Do the proposed powers to remove asylum seekers to “safe countries” while their asylum claims are pending, with a view to supporting the processing of asylum claims outside the UK in future, comply with the UK’s obligations under refugee law and human rights law?
- Two-tier system of rights for refugees:
- MSF is concerned that the Nationality and Borders Bill introduces a discriminatory two-tier system, which treats asylum seekers differently based on their method of entry into the UK, rather than their need for protection. This is at odds with the Refugee Convention and the UK’s international legal obligations. This two-tier system criminalises men, women and children fleeing violence and persecution, who have no choice other than to risk their lives to come to the UK using irregular routes and through other ‘safe’ countries.
- This current Government’s premature ending of the Dubs Scheme and the suspension of family reunification procedures following the UK’s departure from the European Union in January 2020 has removed all safe and legal routes to reach safety on UK shores from within Europe. No details of any alternative pathways from within Europe are outlined in the Bill. The main alternative safe and legal pathway from outside of Europe is resettlement, yet this route is slow and does not provide safety for people in immediate danger. Furthermore, less than one percent of all refugees are resettled through the UNHCR route each year[1].
- Therefore, rather than ‘break the business model of the smugglers’, plans laid out in the Nationality and Borders Bill will further push people into the hands of smugglers and make dangerous journeys, because there are insufficient alternative safe and legal routes to the UK.
- Powers to remove asylum seekers to ’safe countries’
- MSF is alarmed by the proposed new powers for the UK Border Force to direct vessels out of UK territorial waters. Pursuing a policy of forced returns and engaging in pushback tactics is dangerous, inhumane and is in breach of international law[2]. It puts lives at risk at sea.
- It is estimated that over 1,000 people have already drowned in the Central Mediterranean between January and July 2021. MSF teams on the Greek islands and on our Search and Rescue (SAR) work in the Central Mediterranean have seen first-hand the often deadly consequences of choosing not to rescue people in boats in distress as well as pushbacks at sea. One 33-year-old Afghan woman called Fatima described the impact of being pushed back from Greece to Turkey: “I was pregnant, but I had a miscarriage because it was very hard… Every time we attempted to cross the sea border to come to Samos the [Greek] coastguard boats made high waves and tried to pull us back to Turkey... It was hard for children; hard for us and harder for my children.”
- For most, crossing the sea is a last resort in a desperate attempt to reach safety. In August 2021, our SAR boat ‘Geo Barents’ rescued 25 people, including 12 unaccompanied children who had fled Libya and been floating in the Central Mediterranean for 48 hours in an overcrowded unseaworthy boat where the engines had failed. One survivor told our teams: “The sea was very bad when we crossed, but we felt it was better even to capsize than to go back to Libya. They had given someone the engine and said ‘you drive’. That person had no choice, they did not even know how to drive a boat! But when you are running for your life, you’ll do anything to survive.”

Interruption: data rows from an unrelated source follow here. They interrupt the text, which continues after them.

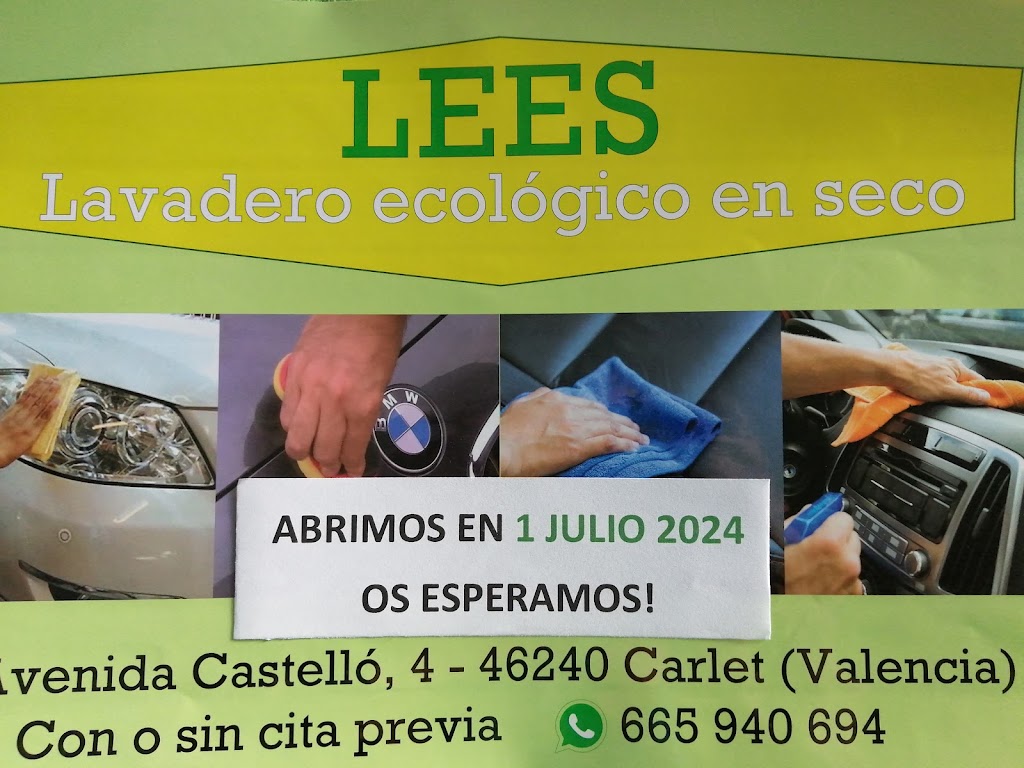 LEES Lavadero Ecologico de coches en seco — Del propietario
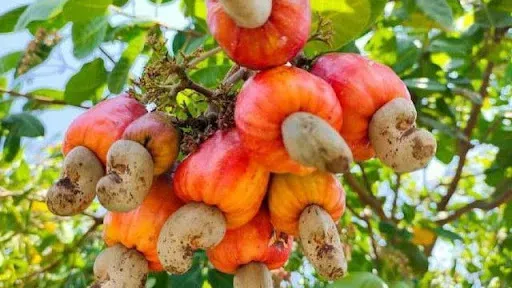 តម្លៃគ្រាប់ស្វាយចន្ទីឆៅហក់ឡើងខ្ពស់មិនធ្លាប់មាន ខណៈការប្រមូលផលធ្លាក់ចុះខ្លាំង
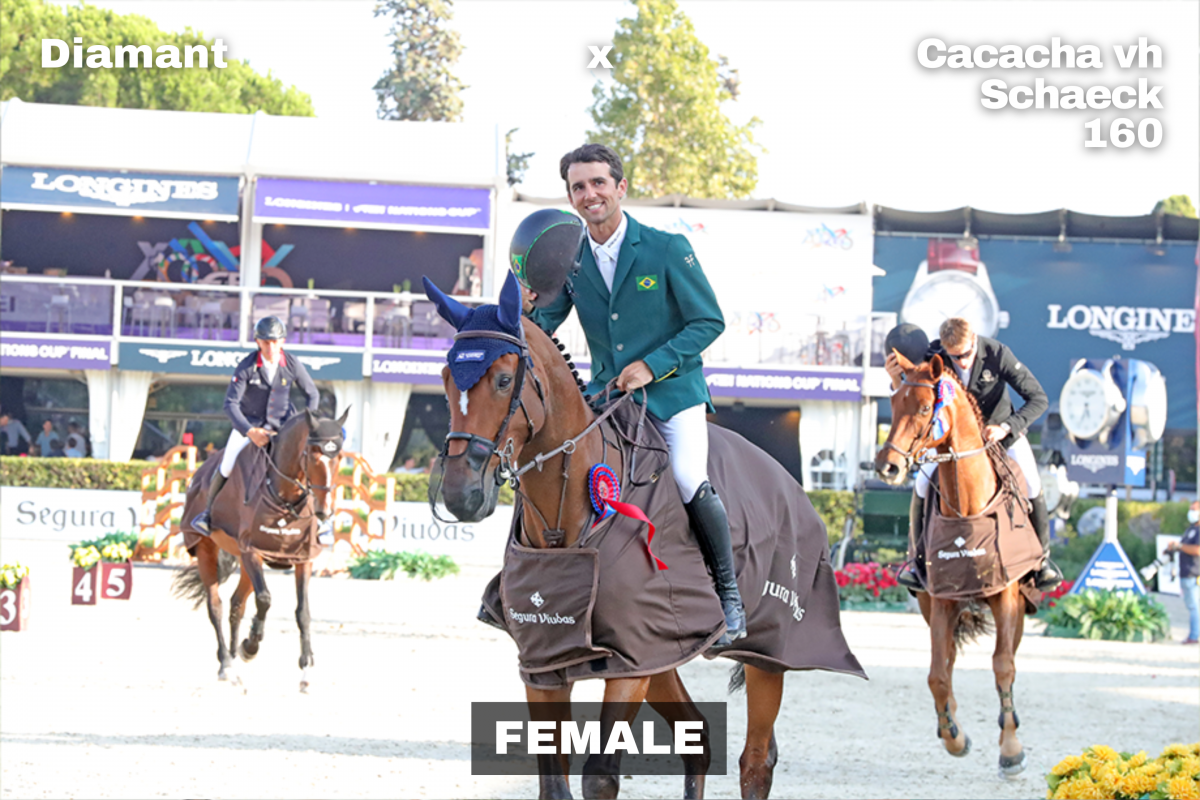 paard-9-143111.png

- The men, women and children who arrive on the UK shores are ordinary people who have been forced to leave their homes, family, friends and culture and make treacherous journeys in search of safety. They should not be pushed back or criminalised for coming to the UK, or to deter others from making similar journeys. The UK must respect its legal responsibility to uphold the principle of non-refoulement[3].
- MSF staff have seen first-hand the unsanitary, dangerous conditions that vulnerable refugees and asylum seekers, including unaccompanied children, are forced to live in in other ‘safe’ European countries because of the absence of safe, legal routes to sanctuary in the UK and elsewhere.

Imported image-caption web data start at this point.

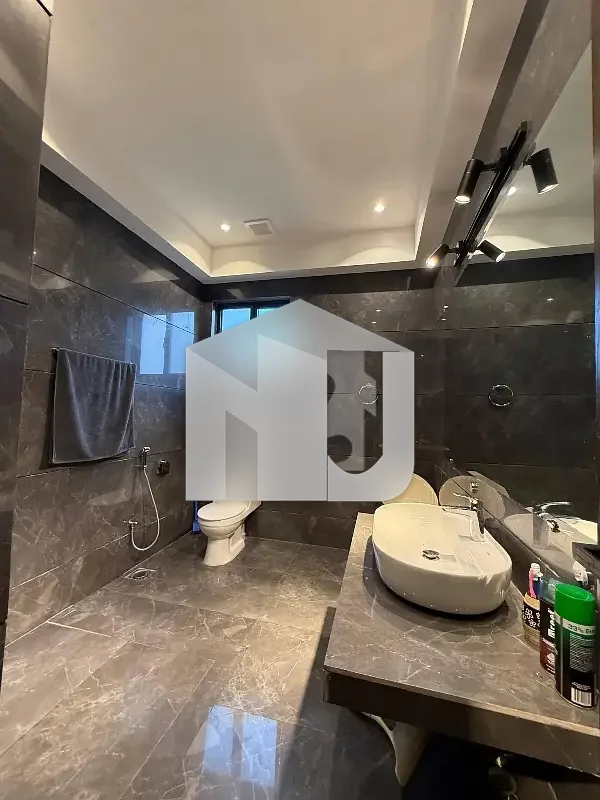 12 Marla Fully Furnished Designer House Available For Rent, photo 10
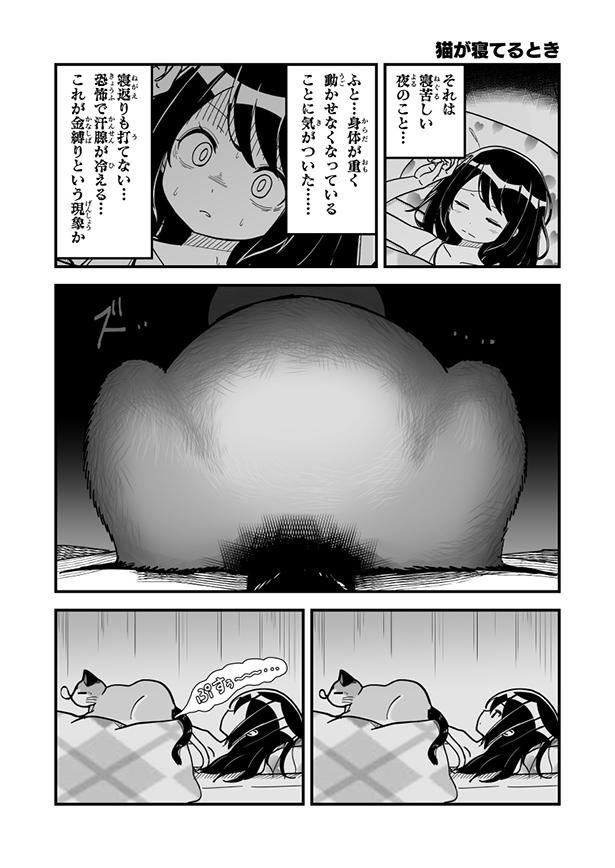 猫が寝てるとき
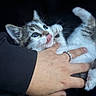 adorable, animal, black_background, cat, claws, closeup, cute, domestic, feline, fur, hand, interaction, kitten, paw, pet, playful, ring, tongue_out, whiskers, young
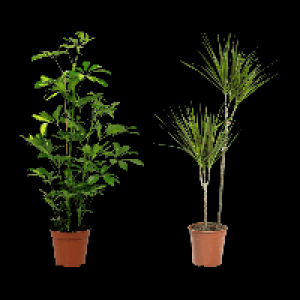 GARDENLINE Grunpflanze 9.99 €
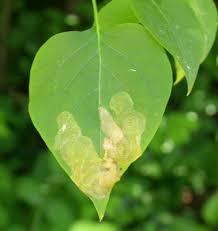 Attēlu rezultāti vaicājumam “Gracillaria syringella imago”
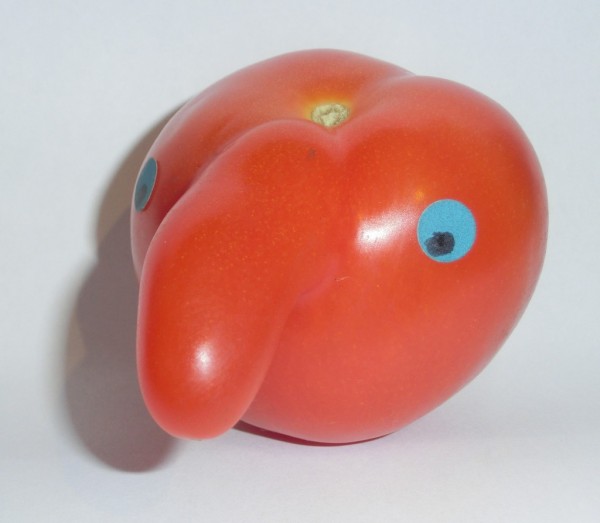 Tomate - 02.JPG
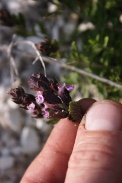 Teucrium-chamaedrys-15-06-2011-9900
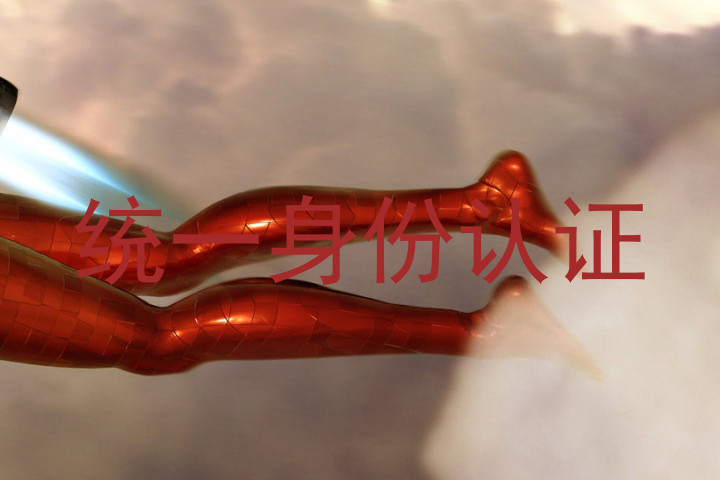 统一身份认证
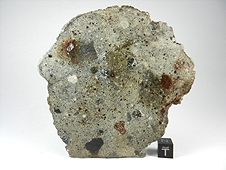 NWA 3149 Howardite Meteorite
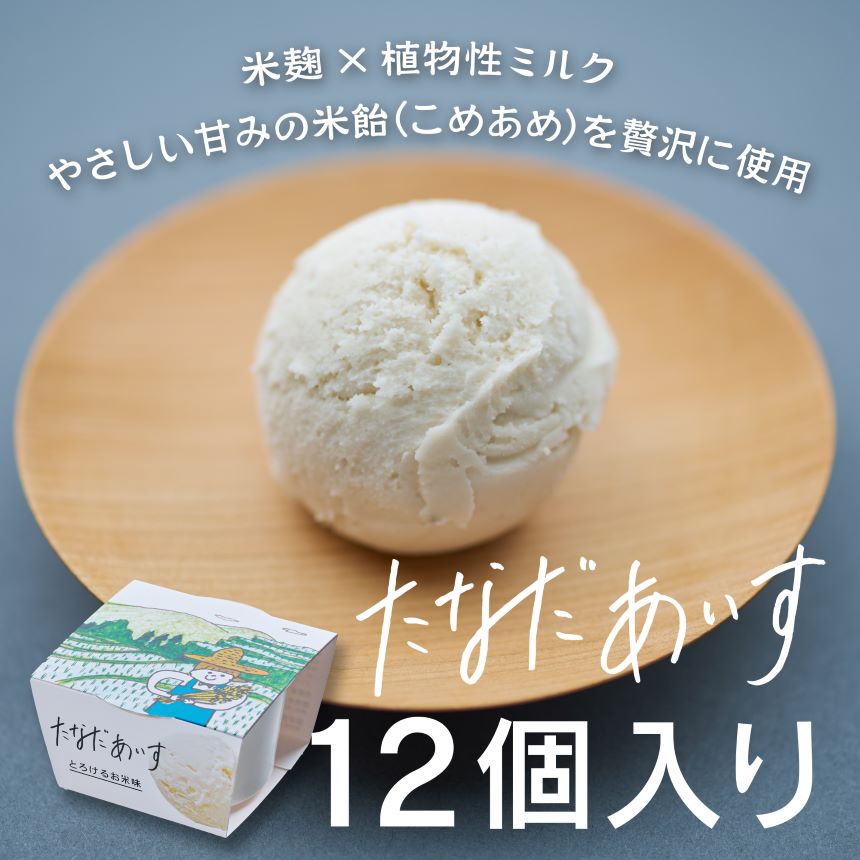 棚田アイス-とろけるお米味-(12個入り) | 無添加 自然派 乳製品 不使用 姨捨 長野県 千曲市 アイスクリーム こども おやつ スイーツ 美容 ビーガン アイス アレルゲンフリー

- MSF runs healthcare projects for asylum seekers in Greece, Italy, Belgium, France and the Balkans, responding to State gaps in the provision of healthcare and even the most basic protection, including shelter, water and sanitation services. Our patients, many of whom are unaccompanied children, have endured long, perilous journeys, during which violence, kidnapping, torture, arbitrary detention and kidnapping – including in Europe - is commonplace. Yet people seeking safety are often perversely victims of State violence, marginalisation, and neglect, as our medical teams have witnessed. For instance;
- The unaccompanied children who arrive in France have undergone long, arduous, often traumatising journeys, during which violence is routine. Eighty-seven per cent of the children that MSF cared for at our centre in Paris in 2018 told us that they had been beaten, tortured or abused during their journeys[4]. Once in France they are left to fend for themselves in unfamiliar territory and with no money. They are forced to live in makeshift shelters, in camps that are regularly evicted by the police, or on the streets. These children have extremely limited access to healthcare and other support. If they don’t want to sleep rough, they must quickly get to grips with the complexities of France’s administrative procedures to be able to negotiate their way through a system that is wholly inadequate for the task.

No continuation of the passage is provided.